Compararse con gobiernos anteriores se ha vuelto un recurso recurrente del oficialismo. Es tentador: exhibir avances, marcar diferencias, señalar “el desastre” que se heredó. Pero esa estrategia, si no se maneja con precisión, es un arma de doble filo. Porque en el juego de las comparaciones, no solo se miden logros: también vuelven las carencias. Y, peor aún, los recuerdos.
Cuando un gobierno se obsesiona con mirar atrás, invita —aunque no quiera— a la gente a hacer lo mismo. Y lo que encuentra la ciudadanía en esa mirada no siempre favorece al presente. Tal vez había más corrupción, sí. Pero el salario alcanzaba. Tal vez no había tantas inversiones extranjeras, pero el alquiler era pagable.
La comparación política no es sólo técnica; es emocional. Y en ese terreno, el “yo estaba mejor antes” puede ser más poderoso que cualquier programa de gobierno. El error del oficialismo no es comparar: es usar la comparación como refugio, como excusa, como relato sin propuesta. Una narrativa que apunta más a justificar que a construir. Porque si cada crisis se explica sólo por la herencia, ¿dónde empieza la responsabilidad propia?
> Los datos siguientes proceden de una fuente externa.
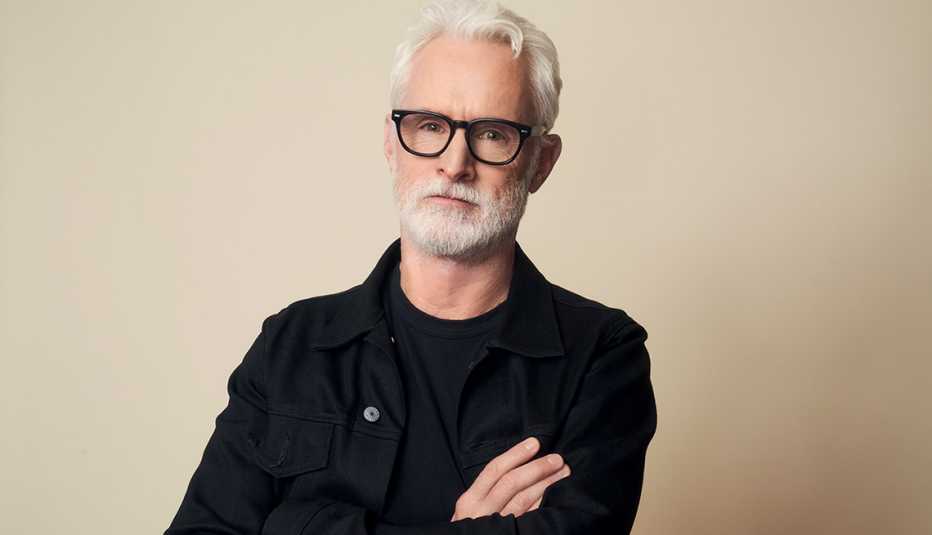 john slattery with arms crossed in front of off white background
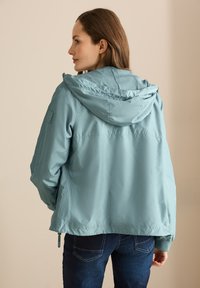Veste coupe-vent bleu clair avec capuche, présentant un intérieur texturé, des poignets élastiques et une coupe droite. Jean foncé visible en bas.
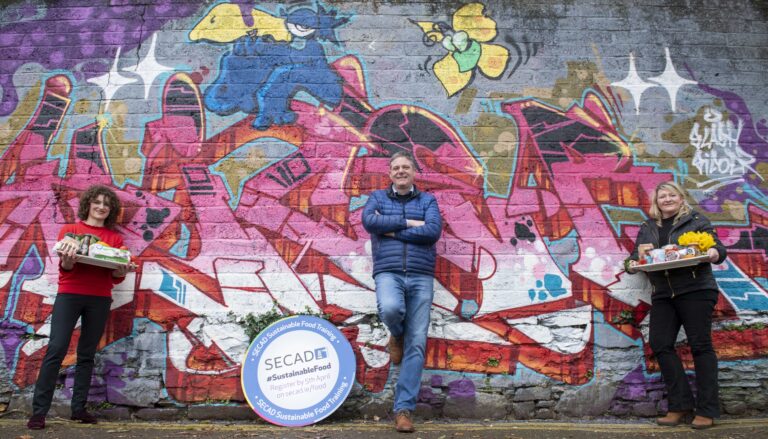 Trainers involved in the free sustainability programme by SECAD pose in front of a colourful wall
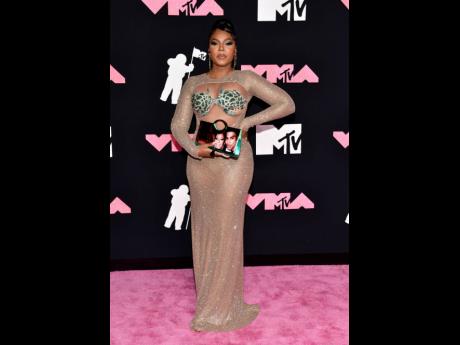 Ashanti arrives at the MTV Video Music Awards on Tuesday, carrying a purse with a throwback photo of herself and Nelly, confirming their rekindled romance.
La comunicación de un gobierno no puede vivir del pasado. Necesita empatía con el presente y claridad sobre el rumbo. No basta con decir “antes era peor”; hay que demostrar por qué mañana será mejor. En tiempos donde la paciencia social se agota rápido, la comparación no es una defensa. Es una invitación al juicio. Y no siempre se gana.